Car dans l’histoire iranienne, nous savons ce que produisent les promesses brandies comme des évidences morales. Dans l’Iran de 1979, l’électricité gratuite, l’eau gratuite, les biens “rendus au peuple” étaient devenus le cœur d’un discours présenté comme une justice retrouvée. Khomeini avait transformé ces offres irréalisables en symbole de rupture totale, un geste quasi religieux destiné à incarner une “justice absolue”.
Une même logique à l’œuvre
Aujourd’hui, lorsque Mamdani promet transports gratuits, gel des loyers, extension massive des services municipaux ou salaire minimum hors d’atteinte, la mécanique évoque un schéma bien connu. Les mots ne sont pas les mêmes, la ville n’est pas la même, mais la logique politique l’est.
Surtout, Khomeini ne portait pas uniquement un projet iranien : il portait l’ambition d’un monde islamique unifié, structuré autour de son idéologie politique. Dès 1979, ses discours et les premiers textes du régime affirmaient la nécessité d’“exporter la révolution islamique”, de soutenir les mouvements politico-religieux au-delà des frontières et de transformer l’Occident en terrain idéologique. Ce n’était pas une intuition mais plutôt une doctrine. Une vision globale qui ne se limitait pas à Téhéran, mais prétendait influencer jusqu’aux capitales occidentales.

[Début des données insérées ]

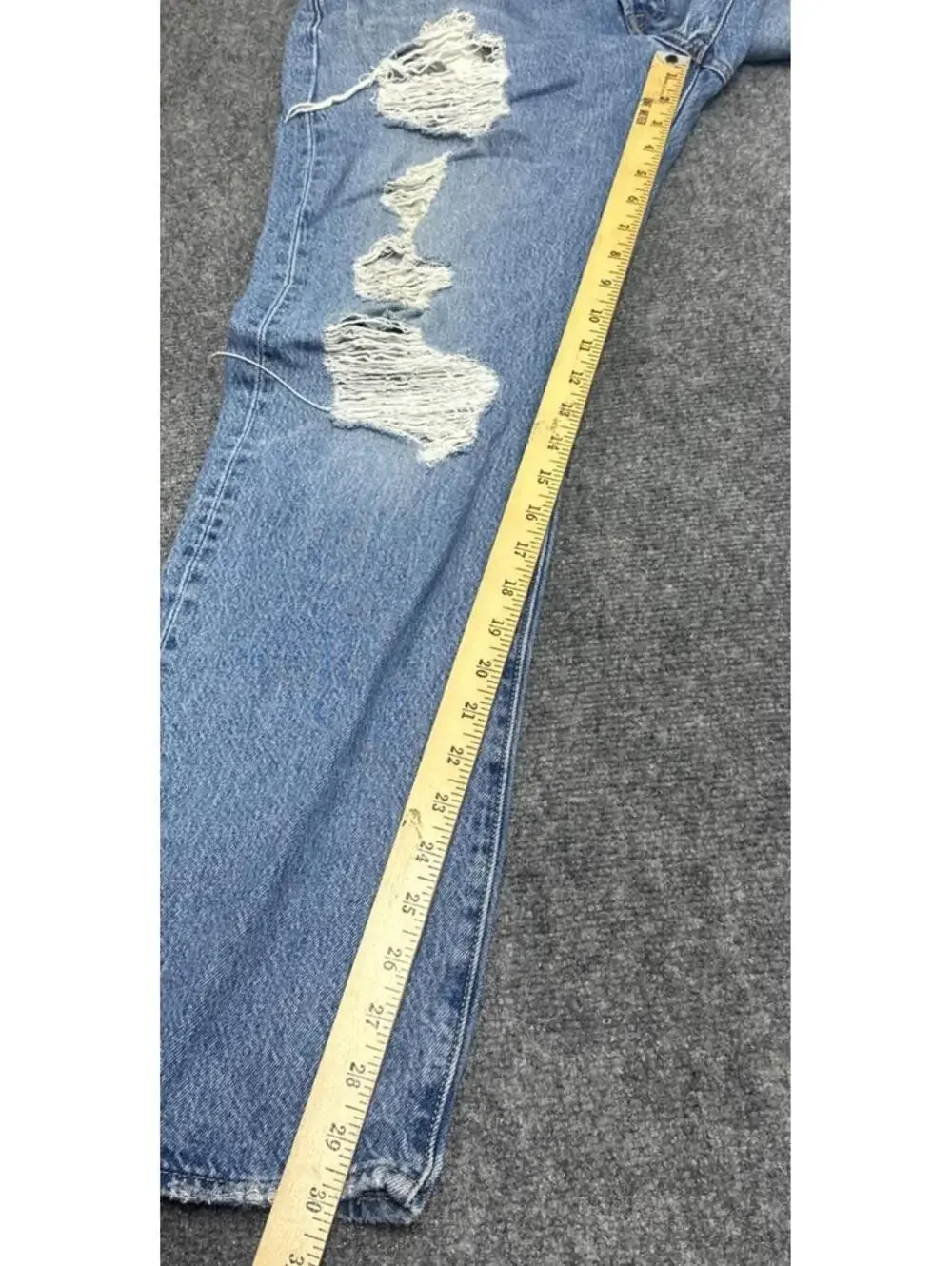 Levis 501 Jeans Mens 36x32 Button Fly Distressed Faded Medium Wash Blue Denim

Et cette logique, sous d’autres formes, ne s’est jamais totalement éteinte. Elle circule encore, parfois de manière diffuse, parfois structurée, dans certains réseaux associatifs, religieux ou militants présents en Europe. Plusieurs rapports publics évoquent des groupes inspirés des Frères musulmans, des financements extérieurs ou des opérations d’influence idéologique cherchant à s’implanter localement. Rien de clandestin, tout est visible pour qui veut regarder. Et dans certains milieux militants contemporains, on retrouve les contours d’un même récit global, celui d’un combat politique qui dépasse les frontières et se présente comme la défense universelle des “opprimés”.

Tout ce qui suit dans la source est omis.